Hué à Cannes, le nouveau film de Nicolas Winding Refn est évidemment fait pour diviser et déjouer les attentes, loin d’un cinéma formaliste, le voici qui continue à expérimenter pour parler de l’attraction fatale de la beauté dans the Neon Demon.
Avec the Neon Demon, il continue cette démarche avec un film aux limites de l’expérimental racontant comment une jeune fille débarque à Los Angels pour devenir mannequin et connait une ascension fulgurante qui va attiser les obsessions et les jalousies. Un récit qui aurait tout pour être un drame ou un récit horrifique et que NWR va traiter d’une manière étrange et déroutante, entre Kubrick et Lynch mais avec aussi du Dario Argento ou du De Palma, déconstruisant le concept de scénario pour ne livrer que quelques paroles sans grand intérêt au milieu d’images sublimes et métaphoriques.

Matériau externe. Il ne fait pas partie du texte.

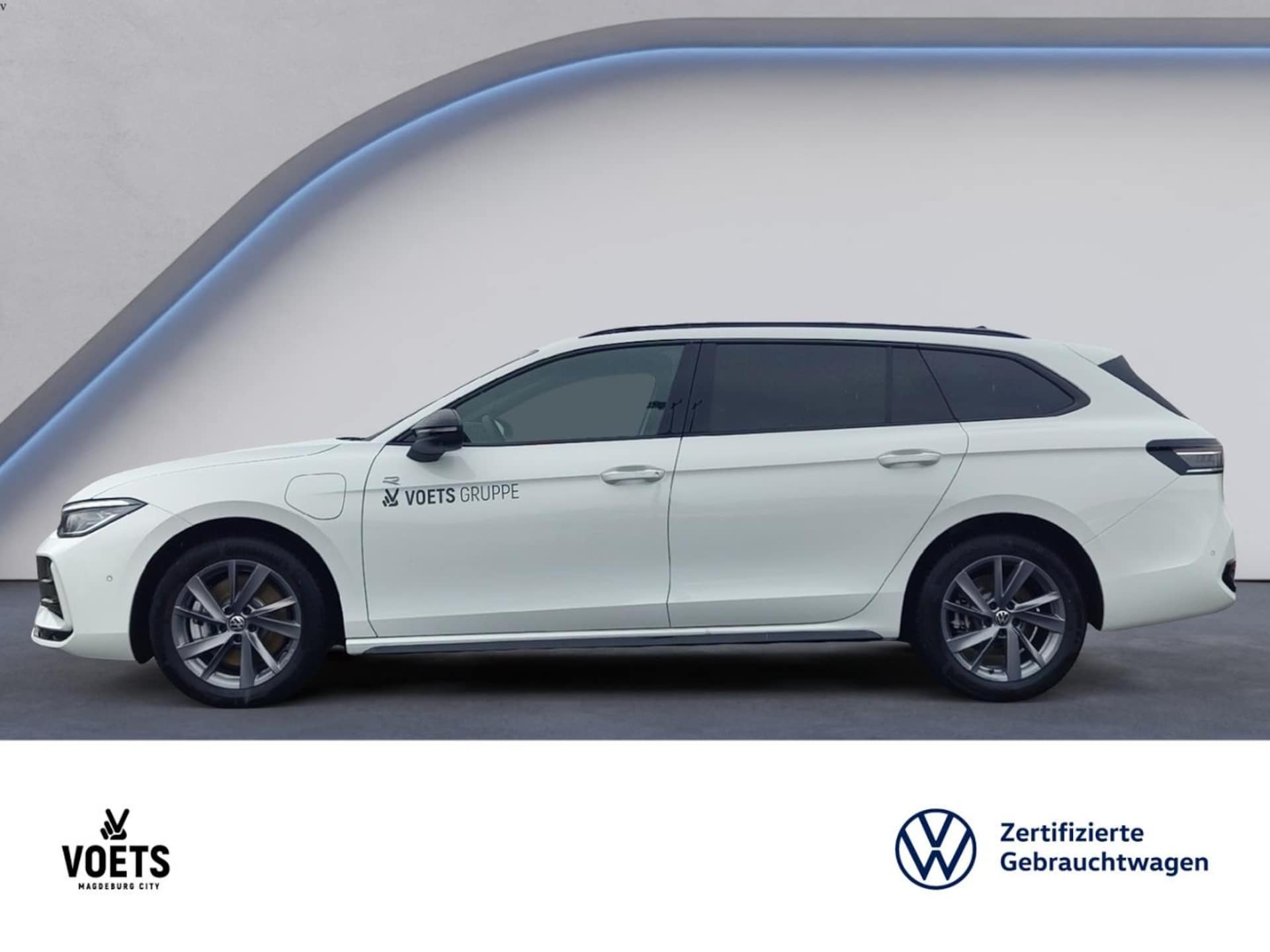 Volkswagen Passat R-Line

Evidemment, en auteur mégalo et fascinant, NWR se garde bien de donner toute les réponses textuellement et il faut bien plonger dans le film et ses images et associations de symboles pour décoder tout ce qu’il veut dire. En effet, si le film intrigue au premier abord et se termine en faisant penser à un bel objet bien vide, rempli seulement de vacuité et de portes ouvertes sur « le monde de la mode est impitoyable» , c’est avec du recul que l’on s’aperçoit que le film pose bien plus de questions et développe en nous une certaine obsession et réflexion sur ce mal moderne qu’est la recherche de la beauté.
Laissant libre court à l’interprétation du spectateur, lui laissant le soin de recoller certains morceaux sur la dimension mystique et fantastique ou non de son film appuyé par une esthétique glam parfois particulièrement macabre (en sale gosse qu’il est, NWR n’hésite même plus à aller jusqu’à la nécrophilie) mais toujours particulièrement aboutie et réfléchie, le réalisateur entame donc une réflexion fascinante sur la beauté. Il s’appuie pour cela sur l’image diaphane et l’innocence d’une Elle Fanning étrange en créature juvénile et pure (mais à quel point ?) au milieu des mannequins artificielles dévorées par l’ambition et la jeunesse qu’elle ne retrouvent plus dans le reflet du miroir. NWR arrive donc aux limites du contes de fées urbain, démontant pièce par pièce ce que semble être le conte de fée de la vie de mannequin pour en faire une allégorie plus large sur la recherche de la beauté et le besoin de dévorer l’innocence pour retrouver la pureté originelle.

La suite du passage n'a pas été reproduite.